For most mice the only thing deadly about the peanut is when peanut butter is smeared at the base of a spring trap.
But mice in the laboratory of the innovative Paul Bryce, at the Feinberg School of Medicine at Northwestern University, experience a different kind of discontent after nibbling the tasty extract.
Nose scratching, mouth swelling, shaking and death are some symptoms that mice with a peanut allergy display. While these fuzzy omnivores generally don't develop food allergies, the Chicago-based research team was able to induce an allergic reaction by using a toxin derived from a common bacteria.
These findings, published in the Journal of Allergy and Clinical Immunology, imply that eating food contaminated with Staphylcoccus aureus (S. aureus) might predispose one to develop food allergies. In the experiments, mice were fed a mixture of whole peanut extract and Staphylococcus enterotoxin B.
"The history between S. aureus and allergic diseases led us to use staphylococcal toxins to stimulate food allergy in animals," Bryce was quoted in a release.
In 2006, an NIH expert food allergy committee recognized the importance of developing animal models that modulate sensitization to foods. Other animal systems use different bacterial toxins to help elicit allergies, but these don't encompass many symptoms associated with typical allergic reactions, like swelling and breathing problems.

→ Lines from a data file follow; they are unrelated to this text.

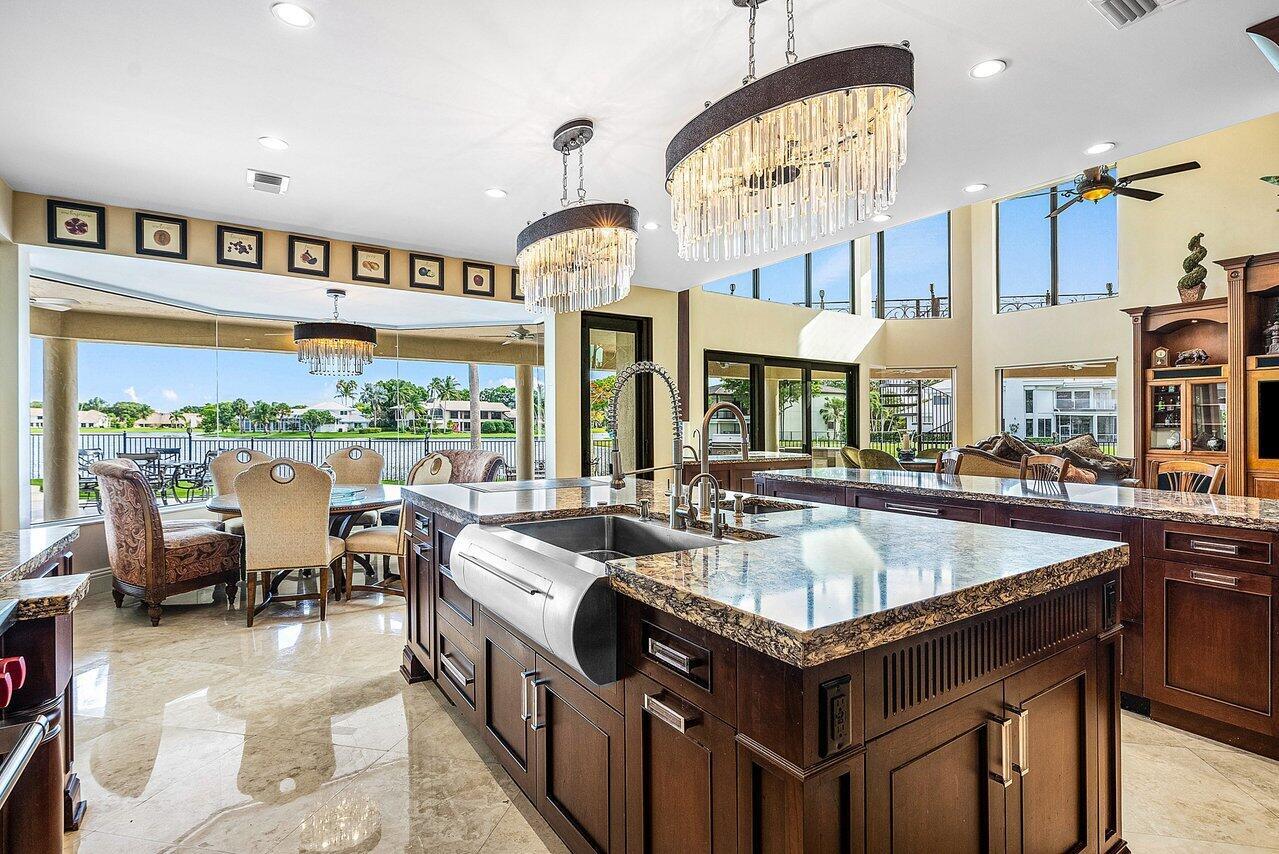WOODFIELD HUNT CLUB - Residential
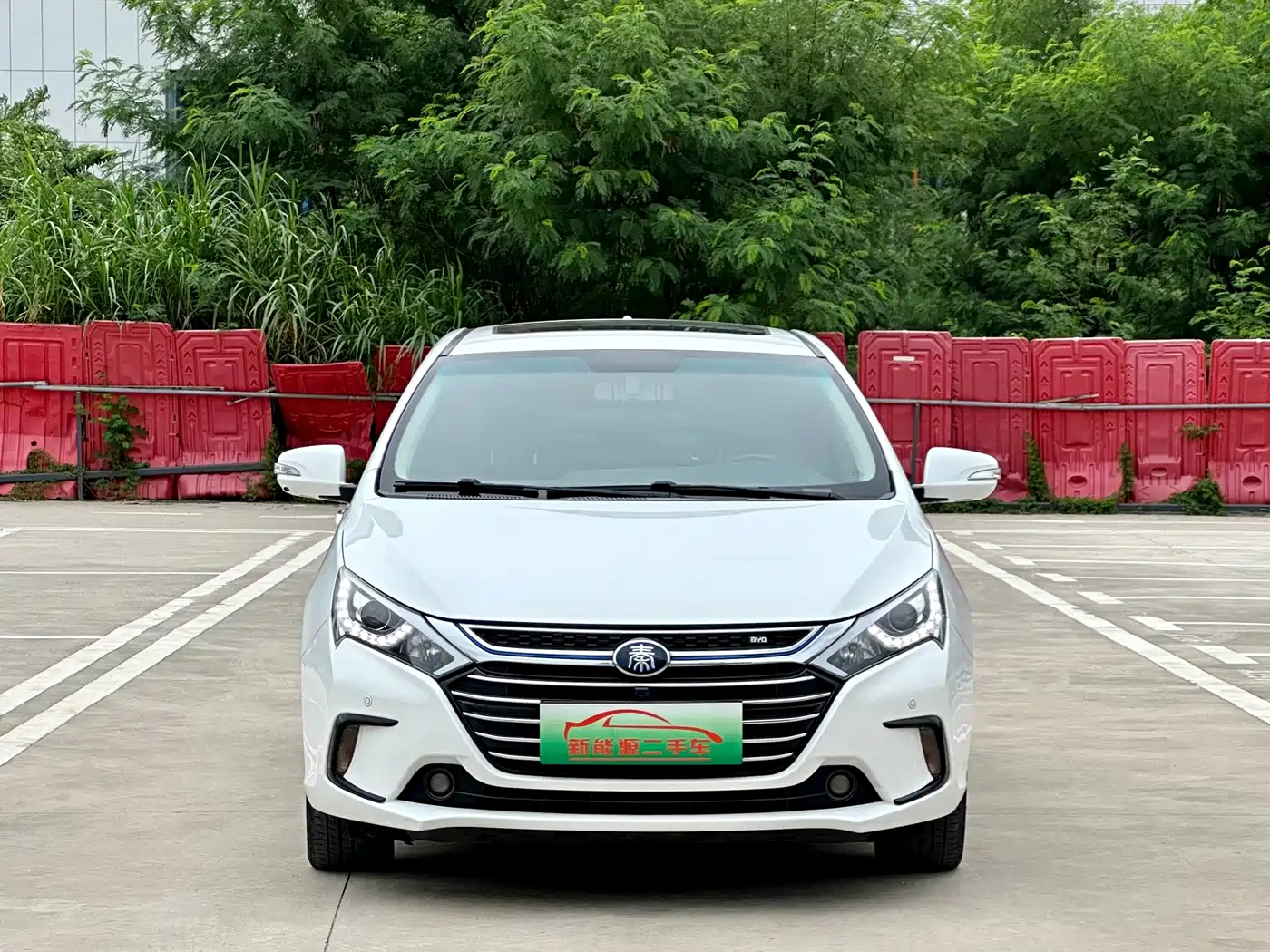 BYD Qin New Energy 2018 2017 1.5T Premium Model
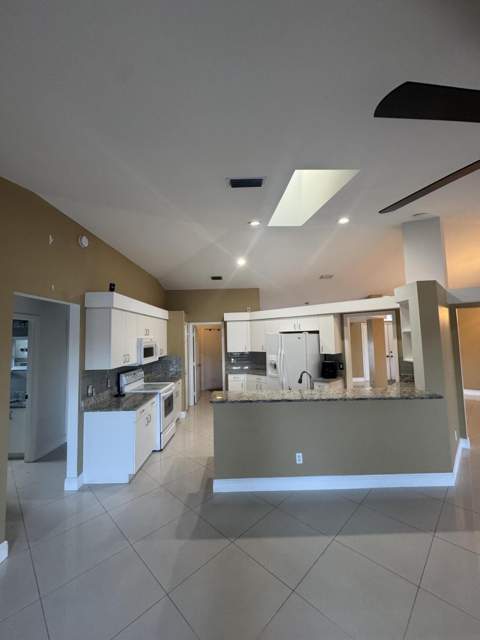 591 NW Grenada Street, Port St. Lucie FL - photo 7 of 36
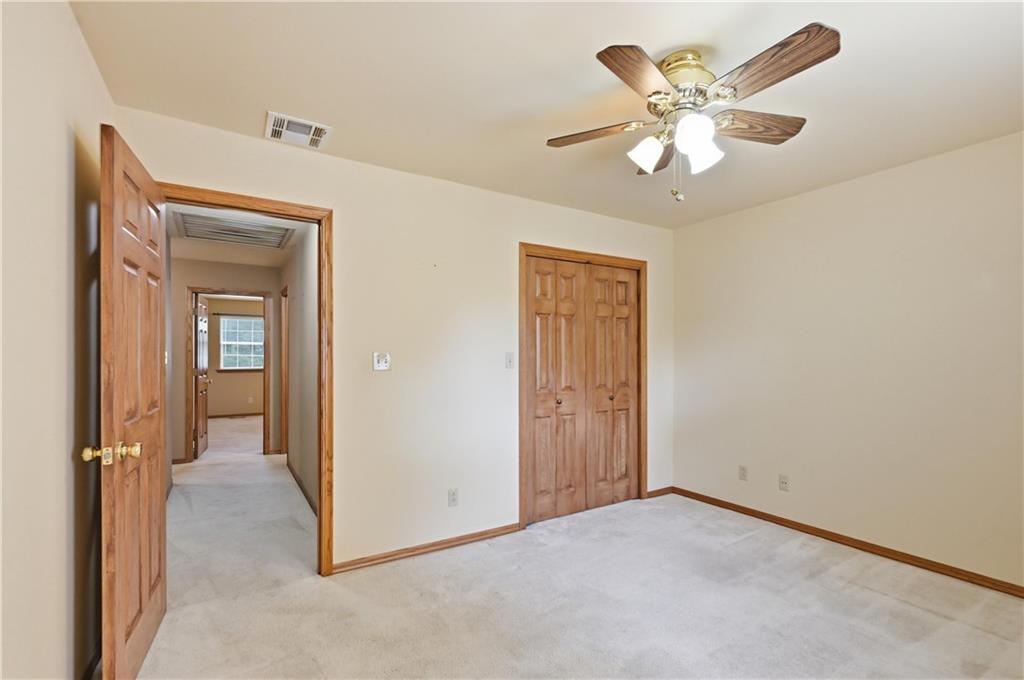 136 Westfield Road Pittsburg, KS 66762 - Photo 33 of 54 Gallery Image 33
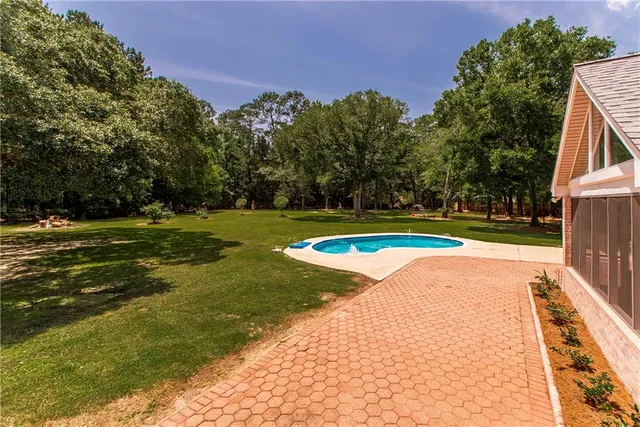 $845,000 | 6 Rene Court, Mandeville, LA 70471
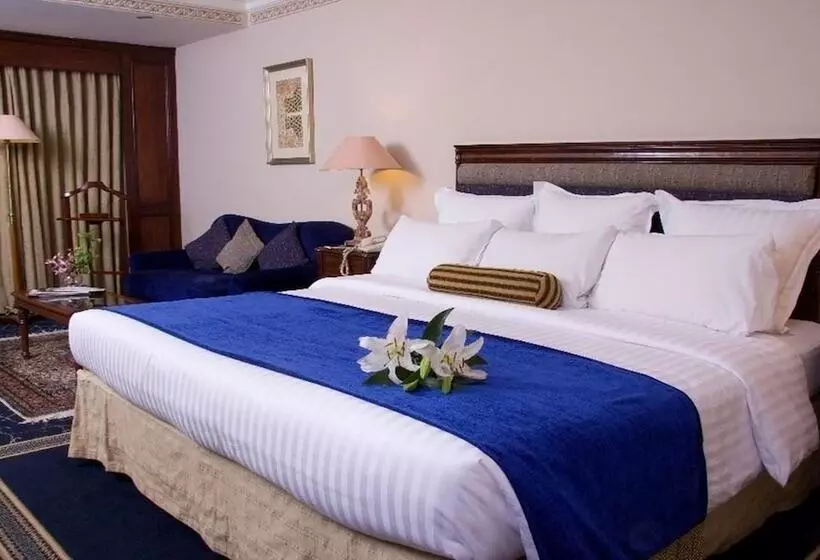 デラックスルーム, Pearl Continental Hotel, Karachi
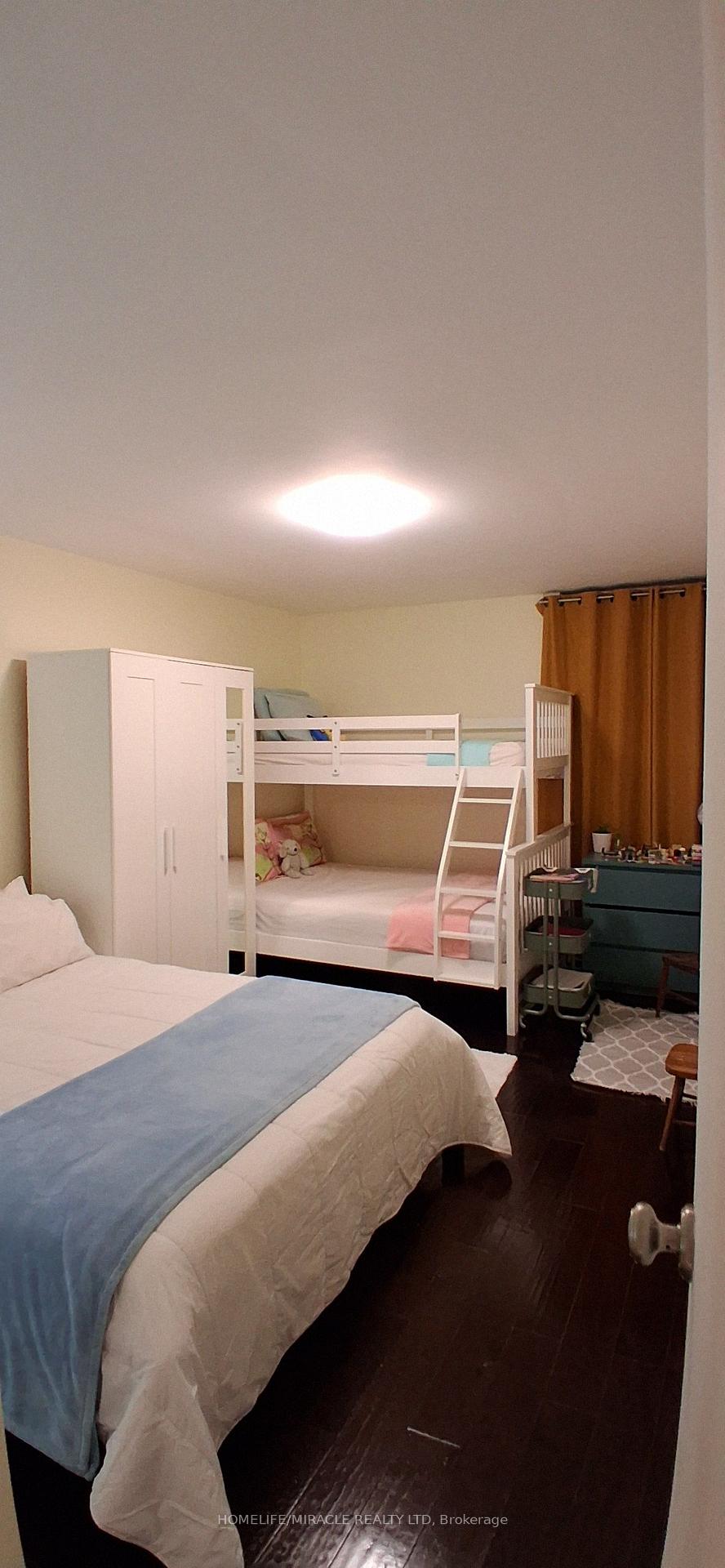 Photo 23 of Unit 1618, 1 Massey Square, Toronto, Crescent Town — HOMEH
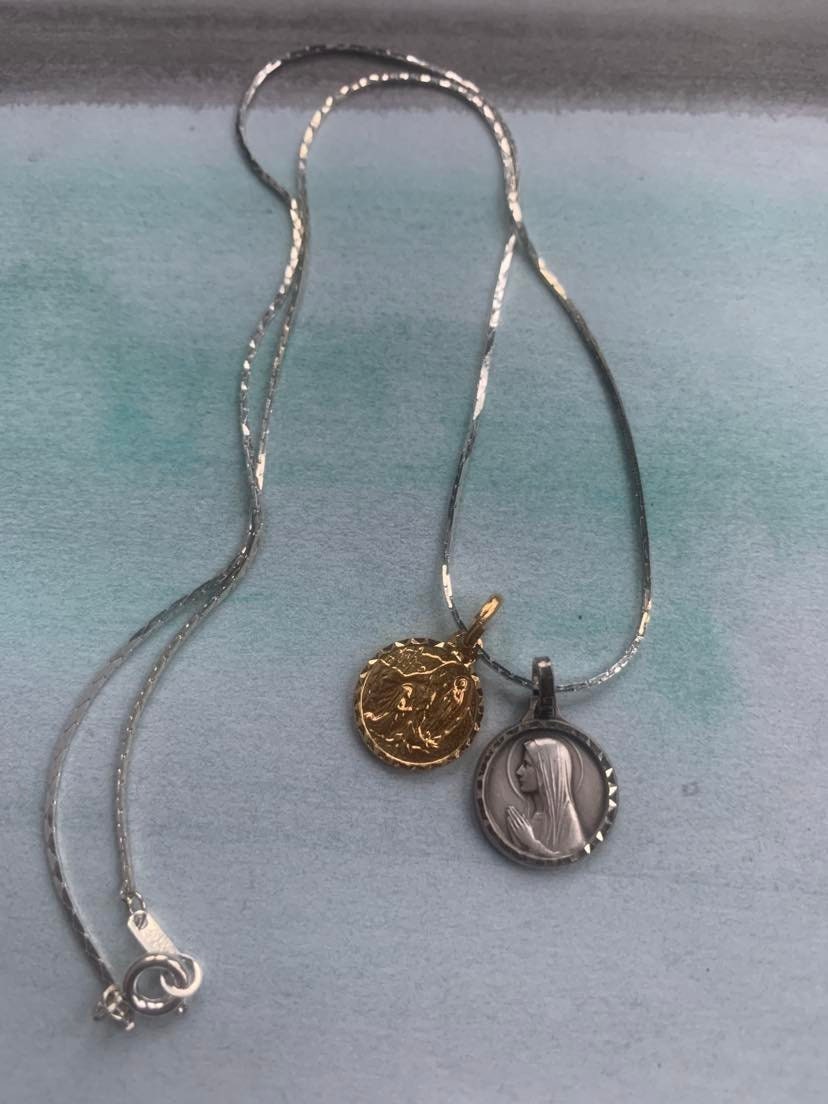 Français Ensemble Vintage de Deux Pendentifs en Médaille Religieuse Collier Bronze Massif Notre-Dame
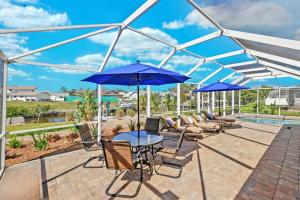 La alberca dentro o cerca de The W at Park Place-Heated Pool & Spa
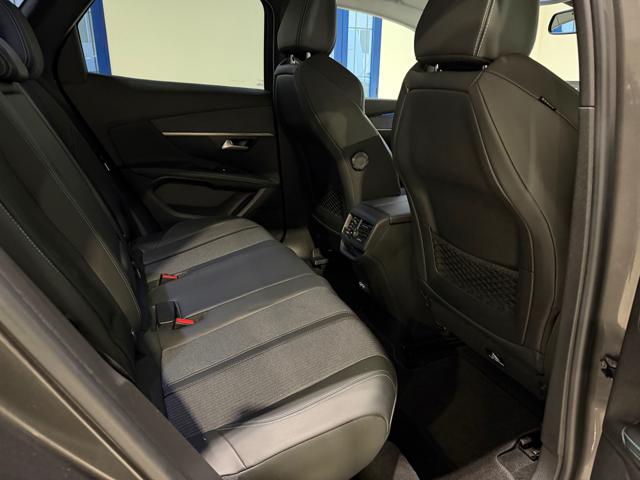 PEUGEOT 3008 usata, con Park Distance Control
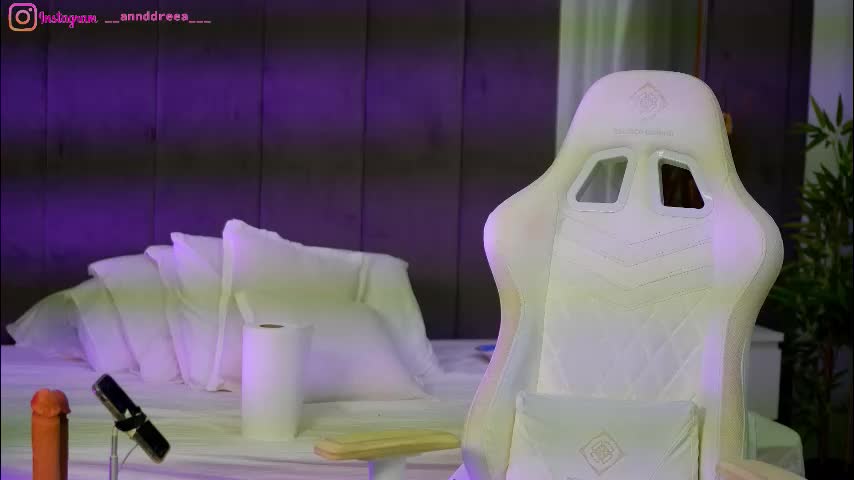 perfectt33n Adult Chat September 30, 2025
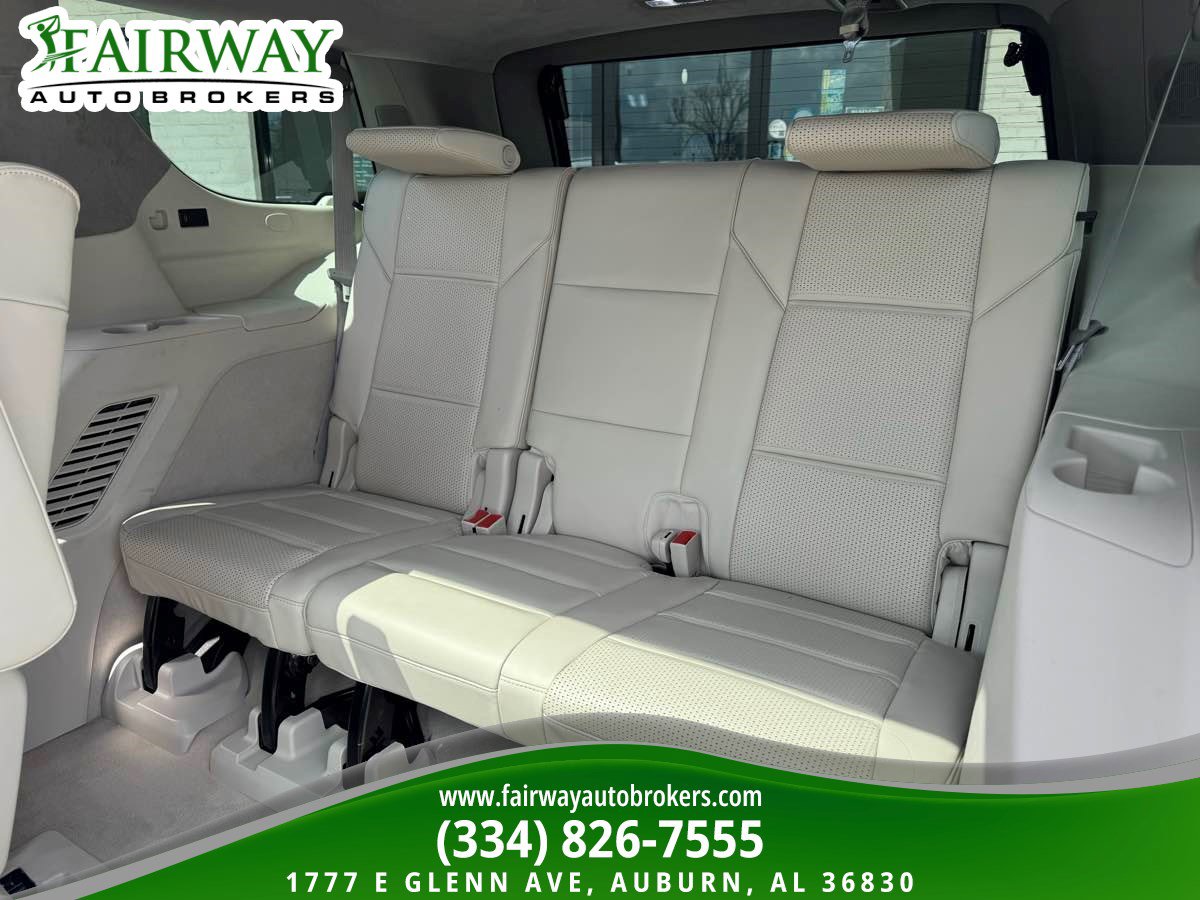 Used 2022 Cadillac Escalade Premium Luxury Platinum image 14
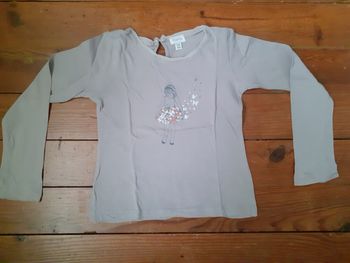Sweet gris motif petite fille et papillons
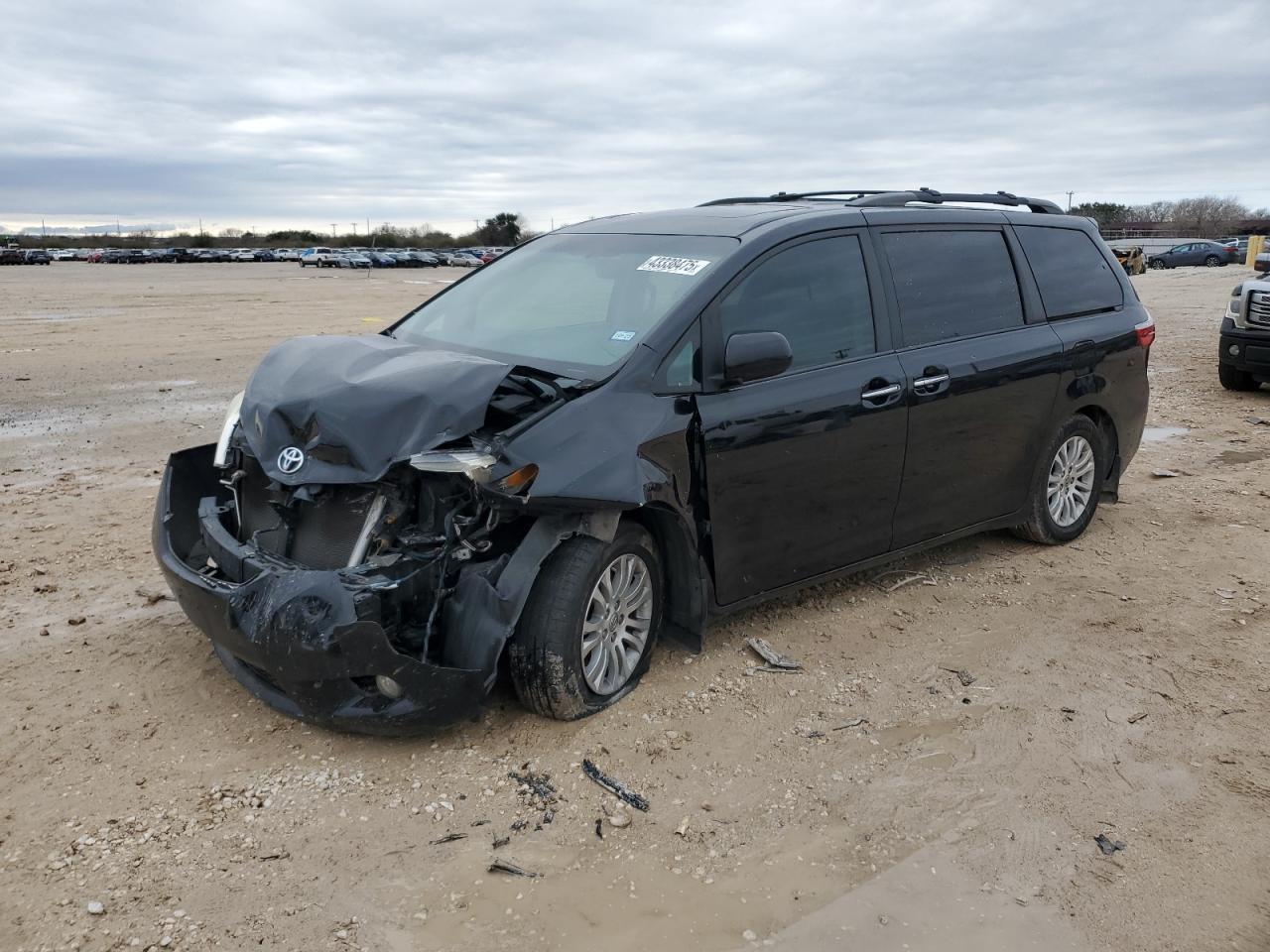 2015 TOYOTA SIENNA XLE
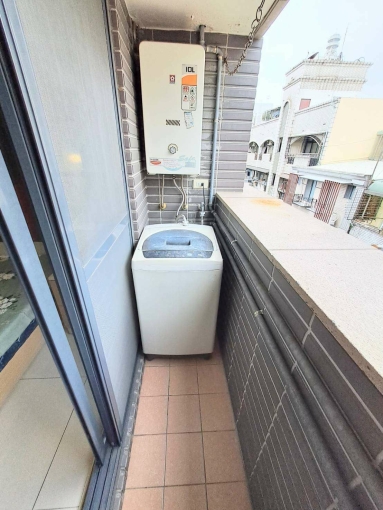 租補*陽台獨洗曬*電梯*飲水機*子母車（第12張）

Food allergies affect a significant proportion of people in developed nations, approximately 12 million in the U.S. That's about 1 in 25. And when you're talking about kids, the numbers approach 1 in 12. Peanut allergy in particular is often life-threatening, responsible for 100 to 200 deaths every year in the U.S.
The researchers have also noticed that peanut reaction severity varies depending on the mouse strain. By investigating the reaction in different genetic backgrounds, future studies may unveil pathways involved with allergic responses (peanuts and beyond) that might be candidates for allergy treatment or prevention.